EXERCISE PROMPT —
Word for word, set down the lines from the one that holds "CD - Jennifer Lopez - Album On The 6" through the final line of the listing below, and exclude every picture.

EXERCISE DATA —
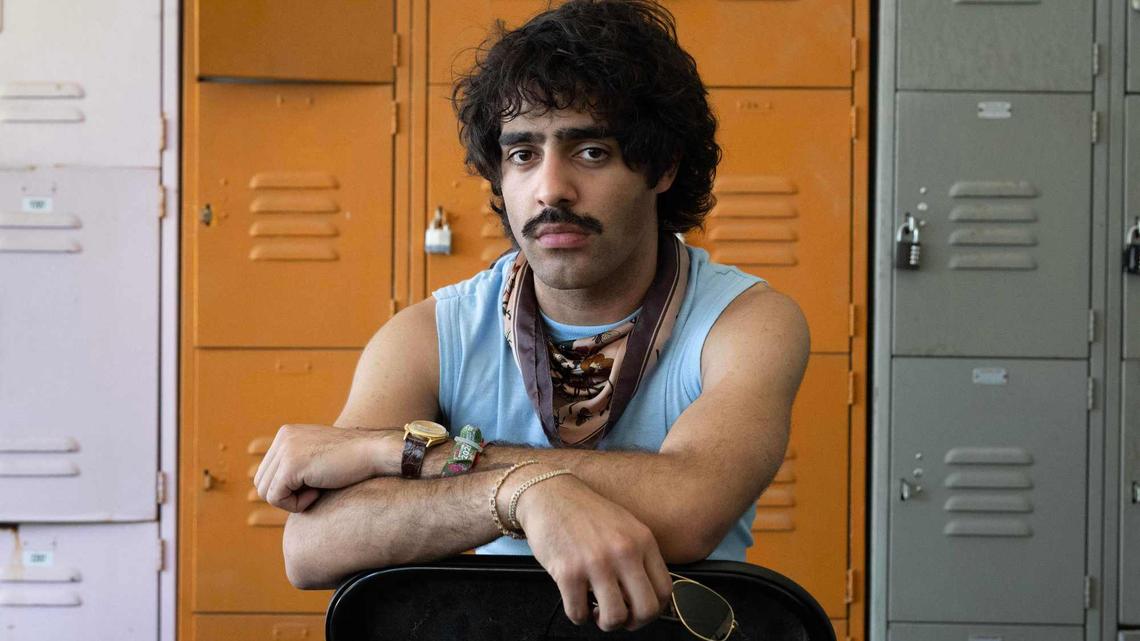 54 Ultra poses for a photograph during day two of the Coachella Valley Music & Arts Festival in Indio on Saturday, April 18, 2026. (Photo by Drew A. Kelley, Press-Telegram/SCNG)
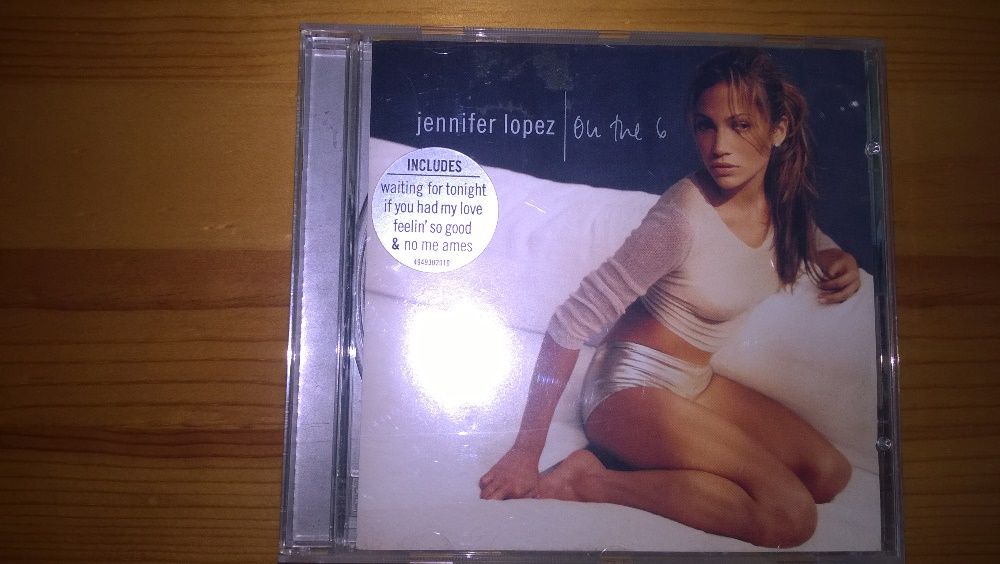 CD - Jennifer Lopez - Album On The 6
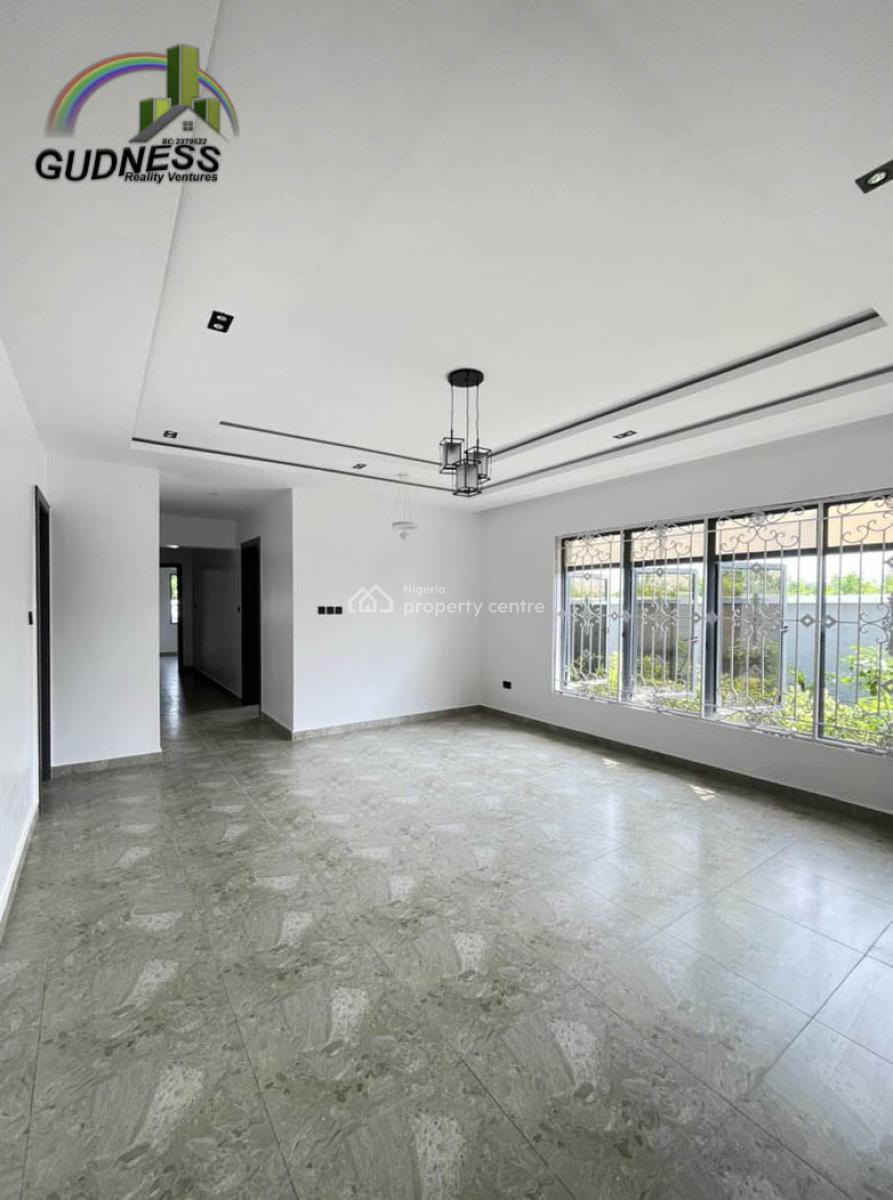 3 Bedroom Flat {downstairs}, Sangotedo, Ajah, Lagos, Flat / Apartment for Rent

ANSWER —
 CD - Jennifer Lopez - Album On The 6
 3 Bedroom Flat {downstairs}, Sangotedo, Ajah, Lagos, Flat / Apartment for Rent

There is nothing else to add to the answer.